There are a lot of gross things about having kids. I won’t bore you with the full list. But I will say this: when your kid barfs on you, you find something out about yourself in a hurry.

Mainly, you find out that these kind of things don’t bother you the way you thought they might have before you had kids.

How does that happen? What mental switch has been thrown? Wiping yourself off just becomes another thing you do, like the bleary, late night feedings or the six stories you have to read to settle your son to sleep.

For most high-hazard jobs, you go through simulations. It’s the only way you’ll know what the job feels like. Soldiers go through war games. Astronauts experience zero gravity. Hell, I’ve media trained clients so they get a feel for an interview with a reporter.

There are no parenting simulations. (And if you think taking care of an egg for a week in high school is one, I’m here to tell you it IS NOT.) One day, you’re making jokes about how you aren’t sure you can take care of yourself all that well, much less another human being, and the next you’re trying to figure out how to give someone small and squirmy a bath in the kitchen sink.

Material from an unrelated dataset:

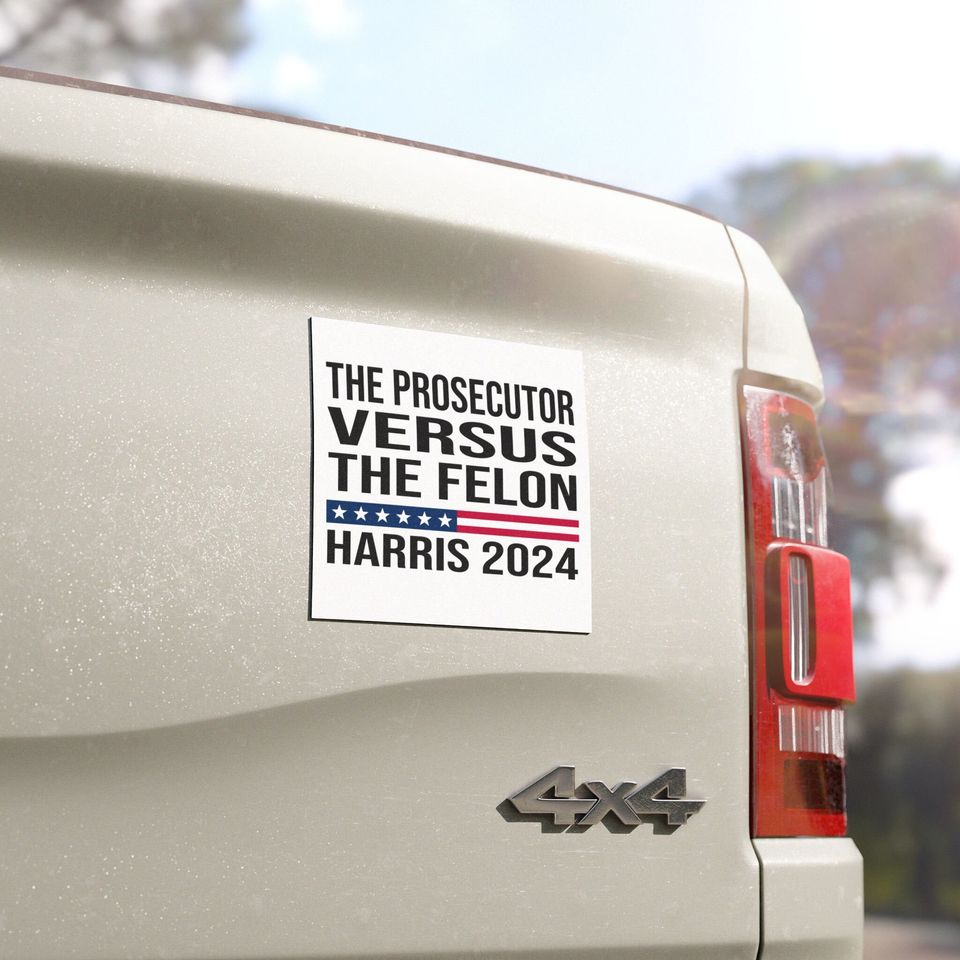 The Prosecutor vs The Felon, Kamala Harris 2024 Car Magnet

Maybe in your life, you’re ‘lucky’ enough to go through a situation or two that might mentally prepare you for parenthood. A pet. Watching a sister’s kid for a weekend. Having a tapeworm.

It’s still not the same. But maybe it helped.

I like to think it does. And I like to think about Mark now, being a good Dad somewhere far away from Cochrane’s, because he know exactly how to handle himself in the face of a sick child.